## INFORMATION SUPPLIED

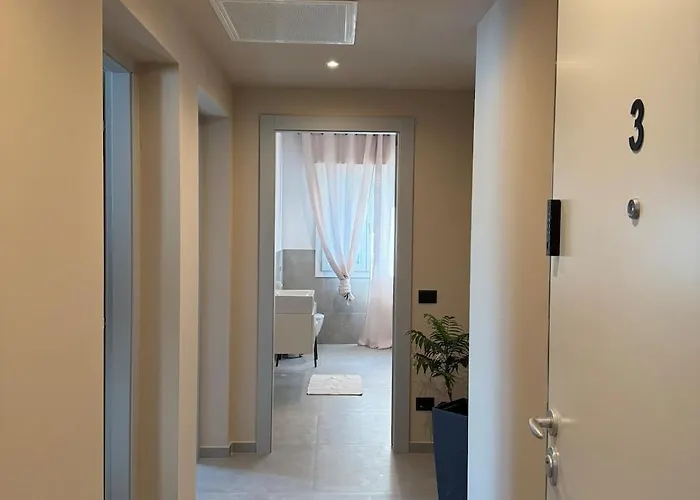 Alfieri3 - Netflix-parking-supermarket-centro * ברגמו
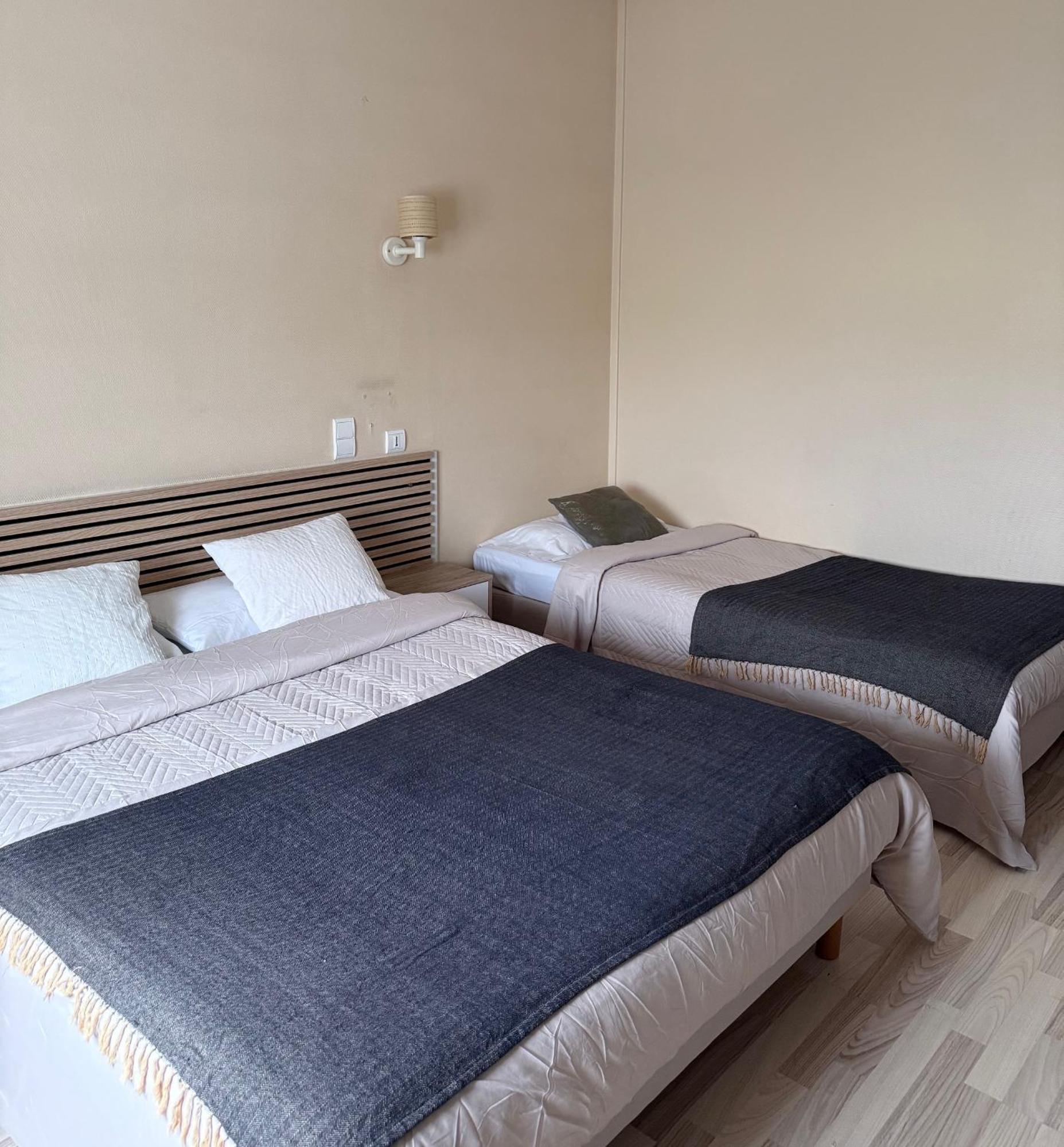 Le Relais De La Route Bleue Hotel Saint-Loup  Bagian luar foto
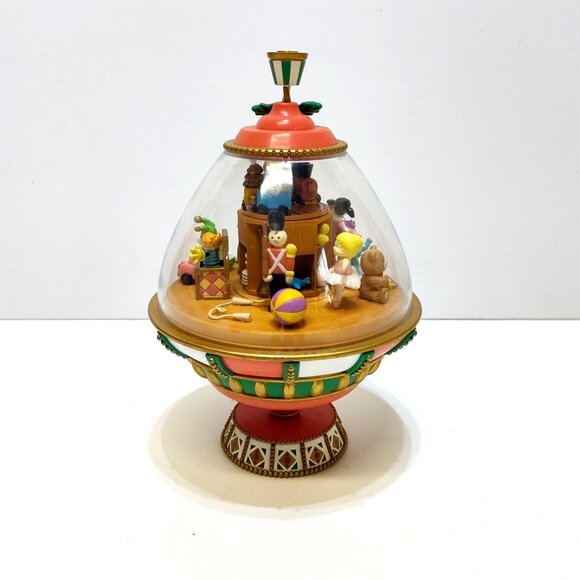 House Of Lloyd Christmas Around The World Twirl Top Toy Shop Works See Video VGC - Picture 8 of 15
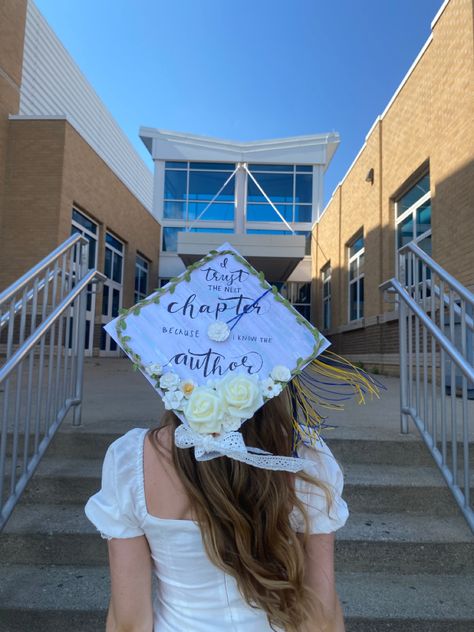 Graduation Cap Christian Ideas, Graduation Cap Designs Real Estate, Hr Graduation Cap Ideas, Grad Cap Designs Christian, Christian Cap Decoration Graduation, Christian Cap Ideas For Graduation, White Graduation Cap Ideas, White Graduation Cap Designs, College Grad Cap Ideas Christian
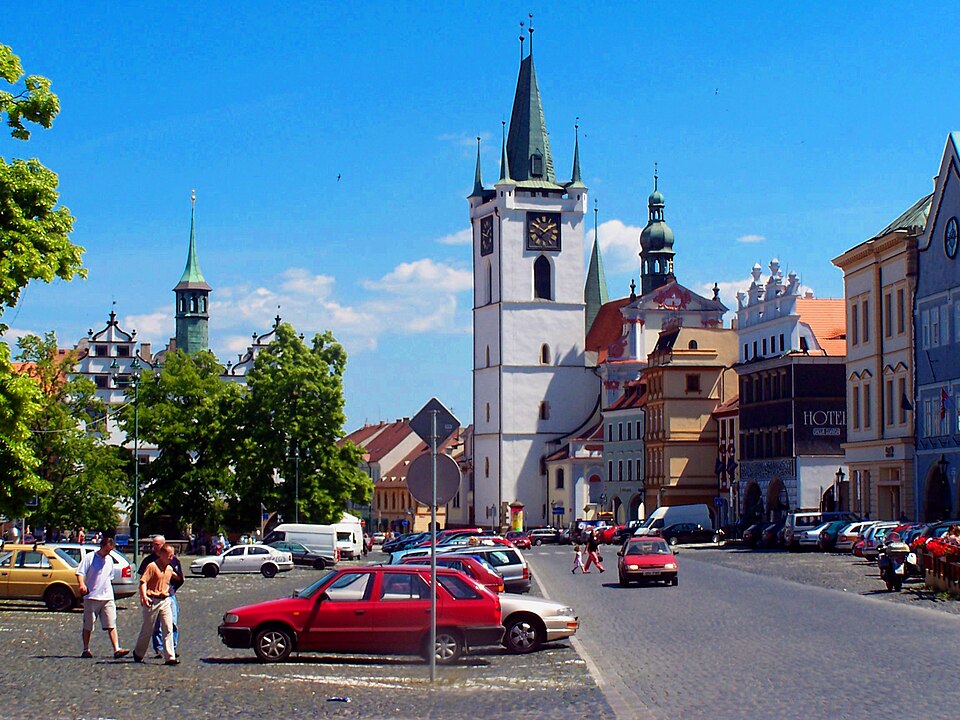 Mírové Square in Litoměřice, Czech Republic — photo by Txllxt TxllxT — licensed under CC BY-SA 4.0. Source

## PROMPT
Every line from the one with "Graduation Cap Christian" through the end of the material above should be restated word for word, with the pictures left out.

## SOLVED EXERCISE
 Graduation Cap Christian Ideas, Graduation Cap Designs Real Estate, Hr Graduation Cap Ideas, Grad Cap Designs Christian, Christian Cap Decoration Graduation, Christian Cap Ideas For Graduation, White Graduation Cap Ideas, White Graduation Cap Designs, College Grad Cap Ideas Christian
 Mírové Square in Litoměřice, Czech Republic — photo by Txllxt TxllxT — licensed under CC BY-SA 4.0. Source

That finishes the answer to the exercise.